Bu başlığın doğru anlaşılması için öncelikle “rüşd” teriminin etimolojik ve terminolojik veya ıstilahî anlamlarını vermek istiyorum: “Rüşd” lügat olarak ‘rşd’ kökünden masdar olup; “doğru yolu bulmak” ve “doğru yolda olmak” gibi anlamlar ifade eder.
İsim olarak; “doğruluk ve doğru yol” anlamına gelmektedir.
Terim olarak tefsirde ‘rüşd’; ayet-i kerimedeki “ekmeltü” yani “Sizin dininizi bugün kemale (rüşde) erdirip tamamladım ve din olarak İslam’a razı oldum.” (Maide, 3) anlamı ile ifade edilebilir ve bu ayet-i kerimenin, dinin tamamlandığını ifade eden Veda Haccı esnasında nazil olması da; vakıa mutabık bir hadisedir. “Allah’ın vahiyle bildirdiği, peygamberin açıkladığı doğru yol” demektir. “Peygamberler için risalet görevi ile tavzif” anlamına da gelir; Hz. İbrahim’e olan hitapta olduğu gibi.
Fıkıhta ise “kişiyi ilahî emirler karşısında sorumlu kılacak fikri olgunluk” anlamına gelir.
Kur’an terimi olarak “rüşd”ün zıddı “dalalet, sapıklık ve batıl yol” demektir. “Rüşd” tabiri, Kur’an-ı Kerim’de 19 yerde geçmektedir.
Bilindiği gibi her şeyin kendine göre bir rüşdü vardır ve o nispette de, mesuliyeti muciptir.

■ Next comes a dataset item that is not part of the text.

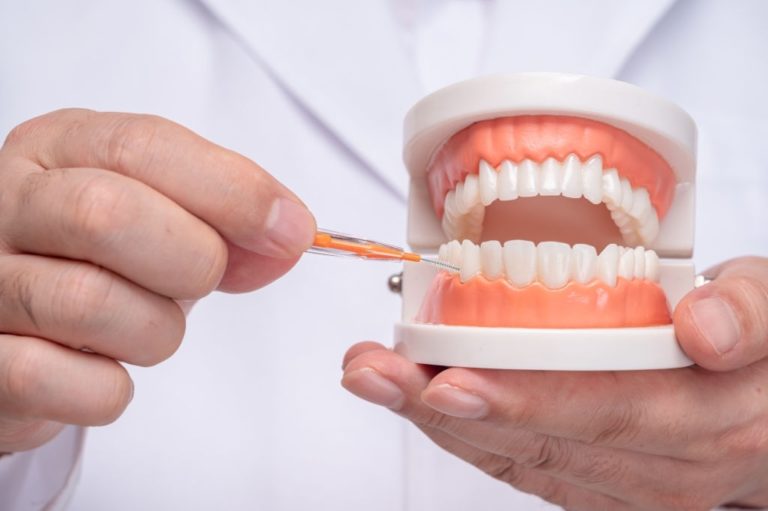 Dental Treatment in Korea in 2021 Seoul Guide Medical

Mesela, gençlik veya rüşd çağına gelenlerin mes’ul olduğu hükümlere “ef’al-i mükellefîn” denilir ve sekize ayrılır. O yaşa yani “rüşd” yaşına gelenlerin o hükümlerden sorumlu oldukları ifade edilir. Bu vesileyle, asıl konumuz olan “Dindeki rüşd nasıl olacak?” sorusuna gelelim.
Bu mesele; dinin İslam’la rüşde erdiğini haber veren bir ayet-i kerimeyle sabittir: “Bugün sizin dininizi kemale (rüşde) erdirdim ve din olarak İslam’a razı oldum.” (Maide, 3). Yani dinin “rüşdü” İslam’dır.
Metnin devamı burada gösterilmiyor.